→ Task details
The required output is the lines below from the line containing "Magna Turkish White Floral Black Rug" to the line containing "AVAILABLE - Vintage", inclusive, retyped exactly. No other lines belong in it.

======== Data shown

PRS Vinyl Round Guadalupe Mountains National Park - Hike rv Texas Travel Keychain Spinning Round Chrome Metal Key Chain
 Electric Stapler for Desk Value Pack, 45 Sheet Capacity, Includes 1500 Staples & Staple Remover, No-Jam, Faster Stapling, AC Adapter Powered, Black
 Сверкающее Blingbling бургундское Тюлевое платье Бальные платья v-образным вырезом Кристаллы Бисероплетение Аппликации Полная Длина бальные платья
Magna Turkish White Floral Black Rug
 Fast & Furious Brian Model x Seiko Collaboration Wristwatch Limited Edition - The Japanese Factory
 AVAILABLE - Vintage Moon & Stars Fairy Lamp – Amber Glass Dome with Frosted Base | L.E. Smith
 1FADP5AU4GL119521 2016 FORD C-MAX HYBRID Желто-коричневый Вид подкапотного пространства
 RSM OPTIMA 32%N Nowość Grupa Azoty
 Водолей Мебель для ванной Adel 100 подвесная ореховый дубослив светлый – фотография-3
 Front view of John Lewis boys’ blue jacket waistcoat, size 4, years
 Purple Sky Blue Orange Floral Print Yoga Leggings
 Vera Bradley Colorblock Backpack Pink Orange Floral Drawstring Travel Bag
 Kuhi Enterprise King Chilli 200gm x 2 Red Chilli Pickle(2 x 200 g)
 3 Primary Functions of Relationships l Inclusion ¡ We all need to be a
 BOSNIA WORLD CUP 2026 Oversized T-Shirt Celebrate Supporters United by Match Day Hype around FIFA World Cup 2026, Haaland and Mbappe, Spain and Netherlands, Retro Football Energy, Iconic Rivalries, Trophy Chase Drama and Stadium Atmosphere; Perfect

================

→ Reply to the task
Magna Turkish White Floral Black Rug
 Fast & Furious Brian Model x Seiko Collaboration Wristwatch Limited Edition - The Japanese Factory
 AVAILABLE - Vintage Moon & Stars Fairy Lamp – Amber Glass Dome with Frosted Base | L.E. Smith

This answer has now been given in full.